Ms Gray left her high-ranking Whitehall job in March, angering Tory MPs who claimed her switch to the Opposition party called the civil service’s neutrality into question.
The Government wanted to bar Ms Gray from working for Labour for a year, with a further six months of restrictions, The Times has reported.
However, Whitehall’s appointments watchdog is recommending she could start the job just six months after her civil service departure, the newspaper said.
The Civil Service Code stipulates that officials of Ms Gray’s seniority must wait a minimum of three months before taking up outside employment.
But Acoba could recommend a longer wait to avoid any conflict of interest, with a maximum delay of up to two years.
Labour has pledged to abide by any Acoba recommendation.

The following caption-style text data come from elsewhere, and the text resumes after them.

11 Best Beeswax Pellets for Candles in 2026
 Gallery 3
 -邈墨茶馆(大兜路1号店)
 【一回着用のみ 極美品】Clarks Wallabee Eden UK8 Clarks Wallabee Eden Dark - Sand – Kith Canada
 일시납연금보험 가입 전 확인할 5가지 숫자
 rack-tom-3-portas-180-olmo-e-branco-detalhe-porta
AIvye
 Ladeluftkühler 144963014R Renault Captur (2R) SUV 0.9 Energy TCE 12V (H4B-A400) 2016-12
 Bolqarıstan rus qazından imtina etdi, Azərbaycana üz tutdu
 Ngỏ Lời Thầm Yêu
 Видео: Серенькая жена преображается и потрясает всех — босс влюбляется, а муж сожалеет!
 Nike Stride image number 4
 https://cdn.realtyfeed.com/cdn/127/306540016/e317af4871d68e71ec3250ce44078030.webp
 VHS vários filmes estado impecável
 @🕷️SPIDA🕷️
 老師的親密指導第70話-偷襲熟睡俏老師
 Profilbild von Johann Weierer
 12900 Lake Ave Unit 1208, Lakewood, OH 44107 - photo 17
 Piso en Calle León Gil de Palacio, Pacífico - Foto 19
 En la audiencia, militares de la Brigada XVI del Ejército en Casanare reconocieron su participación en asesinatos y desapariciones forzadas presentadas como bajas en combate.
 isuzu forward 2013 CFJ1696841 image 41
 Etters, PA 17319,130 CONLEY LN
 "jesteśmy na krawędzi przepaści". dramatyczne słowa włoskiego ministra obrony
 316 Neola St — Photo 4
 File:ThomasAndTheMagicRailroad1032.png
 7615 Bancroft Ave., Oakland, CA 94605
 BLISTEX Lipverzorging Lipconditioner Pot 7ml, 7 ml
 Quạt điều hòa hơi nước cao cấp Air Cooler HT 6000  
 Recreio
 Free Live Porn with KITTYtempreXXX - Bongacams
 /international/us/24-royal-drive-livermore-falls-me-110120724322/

Sir Keir is thought to want Ms Gray in place to help ready his party for power should he win the next general election, which is widely expected to be held next year.
Labour said it is confident no rules were broken over her decision to take the job after her independent report into the partygate affair contributed to Mr Johnson’s downfall last year.
The party declined to comment on the latest reports on Acoba’s recommendation.
The Government launched its own inquiry into Ms Gray’s departure, which Labour dismissed as a “political gimmick”.
The Gov.uk website says the last role Ms Gray held before her resignation earlier this year was second permanent secretary to the Cabinet Office.
She was seconded to Northern Ireland from 2018 to 2021 and before that was director general of the propriety and ethics team from 2012-18.
Her partygate probe was published in full last May, having been held up after the Metropolitan Police announced a separate inquiry into the allegations of lockdown-busting events.
Downing Street declined to comment on “speculation” and said that the Acoba process was “ongoing”.